Firrst of all, there are people who justly deserve eternal torture. The length of a crime has no bearing on the length of the punishment, drinking poison only takes seconds to make one pass away forever, shooting someone is done instantly while prison time can be as lengthy as it gets, etc. It's not hard then to say, for example, that a murderer like Hitler should pay the price of every human life he took unfairly, and since human life is infinitely valuable, infinite punishment is the only right thing here.
And speaking of love, I didn't negate benevolence altogether, I'm objecting to omnibenevolence. You already seem to agree that God can't love people condemned to eternal damnation. Well, there are people who deserve it. God is benevolent, sure, and there are Muslims - whose religion doesn't say their God is all-loving - who worship God out of love, namely, adepts of Sufism.
(February 19, 2020 at 12:59 pm)Mister Agenda Wrote: If you're never able to change your mind, in what sense is your will free?
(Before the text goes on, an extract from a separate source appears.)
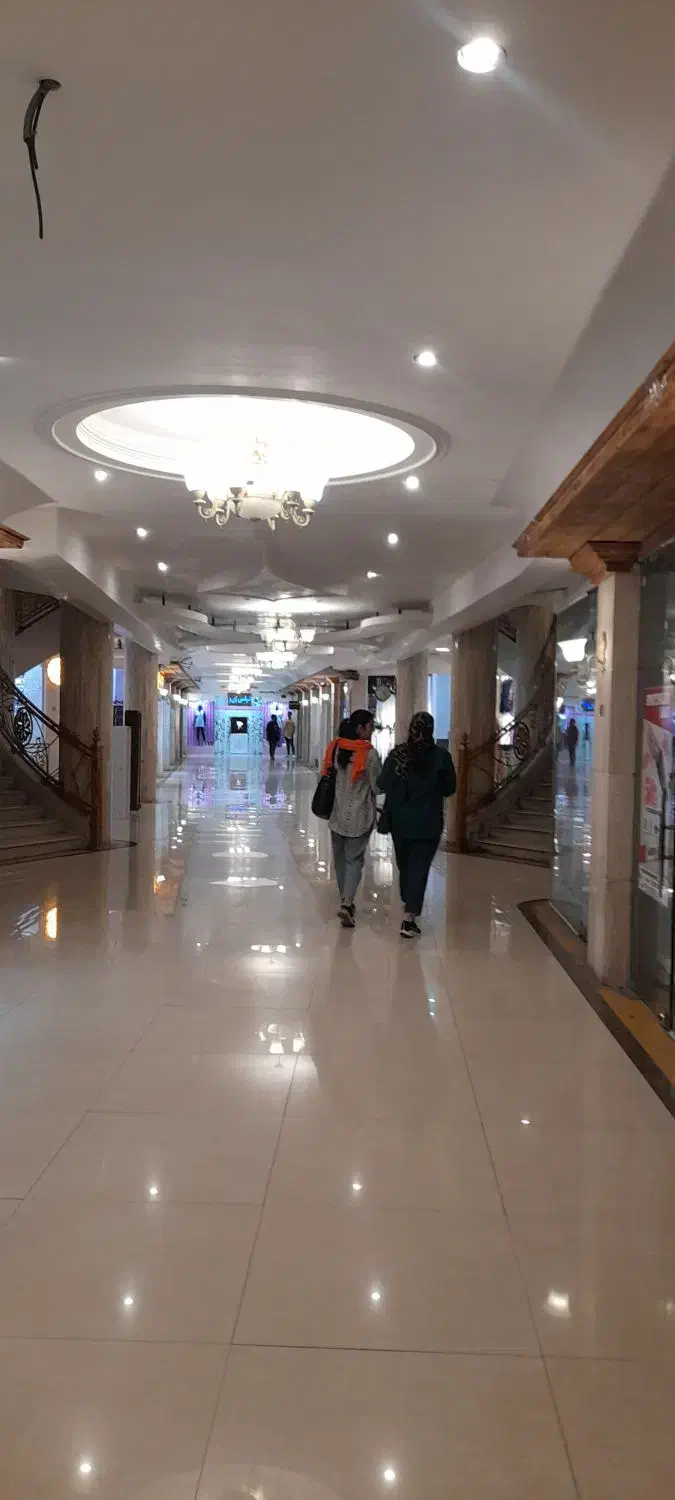 اجاره مغازه طبقه اول پاساژ هیراد سنتر|اجارهٔ مغازه و غرفه|قائم‌شهر, |دیوار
You forgot about the part of free will where you're free to make a different choice. An omniscient being literally cannot make a different choice, all of its choices were predetermined. No thought or decision making is involved, the moment you are omniscient with regard to the future, that's the moment all of your choices are set in diamond.
"Thought" and "decision making" are, again, specific to the human thought process. You say "all of its choices were predetermined" without explaining exactly what you mean by predetermined. Predetermined by whom? If by God himself, then so much the better, as long as he makes the absolute best choices -which he does by defintion. God was always there and he does what he wants without any external force or condition influencing his actions, and this is free will.
Even the word decision is not appropriate when speaking about a supreme being, decision underlies some studying done beforehand, which is of course not the case with an omnipotent being.
You say : "the moment you are omniscient with regard to the future, that's the moment all of your choices are set in diamond." And I agree. And it's not a problem, God is that good by definition.
(February 19, 2020 at 12:59 pm)Mister Agenda Wrote: It's all a pure product of the human mind, at least the ones who believe in God's love are being kind of sweet. Everyone who believe in a god takes a god with half-baked attributes seriously, because they're all half-baked. None of the supposed gods or Gods changes anything in anybody's life except for the psychological effect on their attitudes and actions; because they're all imaginary or might as well be because none of them have an existence that is verifiable in any rational way. They're all only as real as their followers belief in them. There is nothing to be done with the god question because there either aren't any gods or they are completely undetectable.
We believe in God's love too, only not in the omni sense. The three omni God, if he exists, actually does change the eternal portions of all our lives - our afterlife. And thus, he does have, theoretically, a bearing on our existence. And as I said, this same God can't be undetectable logically. But if you establish that this is the case, by ruling out the major revelations out there as complete fabrications, then you're done.